Tchaikovsky
Romeo and Juliet – Fantasy Overture
Prokofiev
Piano Concerto No.1 in D flat, Op.10
Romeo and Juliet, Op.64 [selections]
Alexander Toradze (piano)
London Philharmonic Orchestra
Vladimir Jurowski
Reviewed by: Richard Landau
Reviewed: 17 February, 2010
Venue: Southbank Centre, London – Royal Festival Hall
This concert further demonstrated how well the LPO is playing. The beginning of Tchaikovsky’s Romeo and Juliet offered immediate evidence of this, Vladimir Jurowski’s expansive approach to the Friar Laurence theme graced by silken strings, characterful woodwinds, and double basses so rich and sonorous as to powerfully underscore the tragedy ahead. Jurowski cumulatively increased the degree of tension, while always eschewing gratuitous hysteria. In the ‘love music’ the contribution of Max Spiers’s cor anglais was exceptional, and in the bleak denouement the strings were profoundly effective.

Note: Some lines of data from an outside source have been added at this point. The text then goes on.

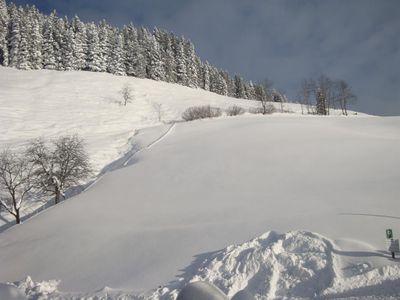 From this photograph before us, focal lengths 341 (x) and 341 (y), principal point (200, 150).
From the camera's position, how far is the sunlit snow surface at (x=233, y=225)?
9.06m

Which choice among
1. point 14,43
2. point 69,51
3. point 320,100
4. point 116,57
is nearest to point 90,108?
point 116,57

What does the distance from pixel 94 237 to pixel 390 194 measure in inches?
466

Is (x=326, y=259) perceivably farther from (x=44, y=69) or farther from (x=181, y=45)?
(x=181, y=45)

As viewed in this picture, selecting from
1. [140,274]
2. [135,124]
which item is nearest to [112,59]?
[135,124]

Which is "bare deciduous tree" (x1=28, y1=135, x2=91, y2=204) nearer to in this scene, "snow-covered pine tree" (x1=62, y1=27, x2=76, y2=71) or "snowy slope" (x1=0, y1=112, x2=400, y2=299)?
"snowy slope" (x1=0, y1=112, x2=400, y2=299)

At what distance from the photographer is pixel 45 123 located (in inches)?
2035

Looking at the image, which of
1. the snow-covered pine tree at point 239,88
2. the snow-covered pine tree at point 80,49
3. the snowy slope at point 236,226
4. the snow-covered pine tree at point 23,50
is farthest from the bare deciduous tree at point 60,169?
the snow-covered pine tree at point 239,88

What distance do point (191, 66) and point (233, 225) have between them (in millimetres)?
88478

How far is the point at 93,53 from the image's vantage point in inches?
3248

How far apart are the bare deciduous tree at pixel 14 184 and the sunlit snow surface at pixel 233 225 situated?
28.4 feet

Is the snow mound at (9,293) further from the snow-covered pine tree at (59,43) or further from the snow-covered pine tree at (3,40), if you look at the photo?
the snow-covered pine tree at (3,40)

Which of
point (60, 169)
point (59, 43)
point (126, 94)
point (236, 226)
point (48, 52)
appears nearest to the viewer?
point (236, 226)

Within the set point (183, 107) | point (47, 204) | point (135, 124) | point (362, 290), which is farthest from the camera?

For his selection of music from Prokofiev’s ballet-score Romeo and Juliet, Jurowski opted for his own choices rather than any of the three suites prepared by the composer. This decision worked both musically and dramatically, the score wonderfully well played and flowing almost seamlessly. One could cite the delectable flutes in ‘Young Juliet’; the ‘Dance of the Knights’, which was projected with enormous grandeur and sensational brass playing; the highly dramatic sequence of chords at ‘Tybalt’s Death’; and the quite chilling account of the deaths of the lovers. At the end one was left emotionally drained, and also in awe at the achievement of the orchestra and its galvanising conductor.